Tuesday, 15 May 2001.
Prudential Annuities – Flexible Lifetime Annuity
Type: With-profits and unit-linked annuity.
Minimum investment: £100,000.
Minimum age: 50.
Income frequency: Monthly, quarterly, half yearly or annually. Payable in advance or in arrears.
Charges: Initial 3 per cent, annual 0.8-1.225 per cent.
Commission: Initial 2 per cent, renewal 0.25 per cent.
Tel: 0845 6060630.
Peter Quinton – Managing director, The Annuity Bureau
Brandon Harford – IFA, Howell Shone IFA
Adrian Wilkins – Senior associate, Redcliffe Associates IFA
Keith Jarman – Consultant, Hughes Carne IFA
Broker Ratings (ave. marks out of 10):-
Investment options: 7.0
Company's reputation: 7.8
Past performance: 7.0
Product literature: 8.0
The Prudential flexible lifetime annuity is an unusual combination of a with-profits and unit-linked annuity.
Considering how the plan fits into the market, Wilkins says: “It is in a unique position between conventional annuities and drawdown. Higher risk than a with-profits annuity, but without the income volatility of unit-linked annuities.”
Harford feels that it is a very good idea to compliment purchased life annuities and the flexible approach one expects from a drawdown plan.
Quinton says: “At the wealthier end of the market – it fits in quite well.”
Turning to the type of client that the plan may be suitable for, Harford says: “Clients who believe in investing their pension fund with almost the ultimate flexibility.”
Quinton says: “Financially aware retirees with pension funds over £100,000 who are looking for either or both a flexible lifetime income and growth potential.
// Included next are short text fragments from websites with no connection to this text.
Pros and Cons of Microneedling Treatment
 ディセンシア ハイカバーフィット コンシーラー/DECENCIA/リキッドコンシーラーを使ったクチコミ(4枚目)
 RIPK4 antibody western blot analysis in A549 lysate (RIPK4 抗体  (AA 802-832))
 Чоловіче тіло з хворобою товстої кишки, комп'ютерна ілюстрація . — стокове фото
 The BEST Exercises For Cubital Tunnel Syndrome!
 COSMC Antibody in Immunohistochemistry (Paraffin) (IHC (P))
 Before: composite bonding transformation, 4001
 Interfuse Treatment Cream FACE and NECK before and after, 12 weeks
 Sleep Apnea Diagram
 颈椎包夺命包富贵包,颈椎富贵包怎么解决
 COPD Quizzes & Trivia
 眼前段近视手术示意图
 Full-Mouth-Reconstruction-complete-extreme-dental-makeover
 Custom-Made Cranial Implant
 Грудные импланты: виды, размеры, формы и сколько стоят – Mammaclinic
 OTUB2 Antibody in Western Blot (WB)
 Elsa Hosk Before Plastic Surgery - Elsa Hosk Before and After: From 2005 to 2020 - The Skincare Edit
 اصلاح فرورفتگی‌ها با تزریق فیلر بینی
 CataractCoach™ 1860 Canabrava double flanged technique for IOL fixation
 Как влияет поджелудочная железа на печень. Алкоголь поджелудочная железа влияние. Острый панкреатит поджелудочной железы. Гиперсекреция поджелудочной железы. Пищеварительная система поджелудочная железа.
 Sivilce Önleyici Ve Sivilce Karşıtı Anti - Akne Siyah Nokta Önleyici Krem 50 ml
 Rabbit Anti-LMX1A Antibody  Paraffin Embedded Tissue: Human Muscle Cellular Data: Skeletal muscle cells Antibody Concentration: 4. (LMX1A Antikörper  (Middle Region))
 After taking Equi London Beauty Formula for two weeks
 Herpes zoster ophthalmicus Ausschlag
Also they are prepared to take on the associated investment and mortality risks inherent with the product, but who want to leave the investment management decisions to the fund managers.”
Wilkins feels that the plan will suit virtually every drawdown client reaching age 75, as well as clients who like the idea of drawdown but are put off by the costs involved and have a fund of over £100,000. He also mentions clients who prefer death benefits to be between conventional annuities and drawdown.
Jarman lists: “Sophisticated, financially aware clients, high net worth and fee based advice seekers.” He also says: “It is a complex product, for many clients too complex.”
Moving on to the marketing opportunities provided by the plan, Quinton feels that when the Prudential update the plan to accept transfers from income drawdown, there will be an obvious opportunity for clients reaching age 75.
Wilkins says: “This product should be discussed with every client at or reaching retirement as well as the ones currently in drawdown.”
Harford says it will be attractive: “To all clients at retirement age who have existing pension schemes.”
Looking at the main useful features and strong points of the plan, Jarman highlights: “Income flexibility, interchangeability between segments, fund switching and lifestyle matching.” He also mentions the ability to increase income, which is not available under conventional annuities.
Quinton also mentions income flexibility, but also: “Simplification of investment unit linking without mortality volatility, payment calculation of the 10-year guarantee option, transparency of cross subsidy.”
Harford picks up on performance, flexibility, documentation, monitoring of your annuity, with-profits fund, total control and lifetime bonuses.
The strong points Wilkins identifies are: “Income and investment control. More flexible death benefits than conventional annuities but most importantly the ability to have a say in your income after age 75 as well as your death benefits.”
On the subject of the range of investment options available, the majority of the panel are in agreement.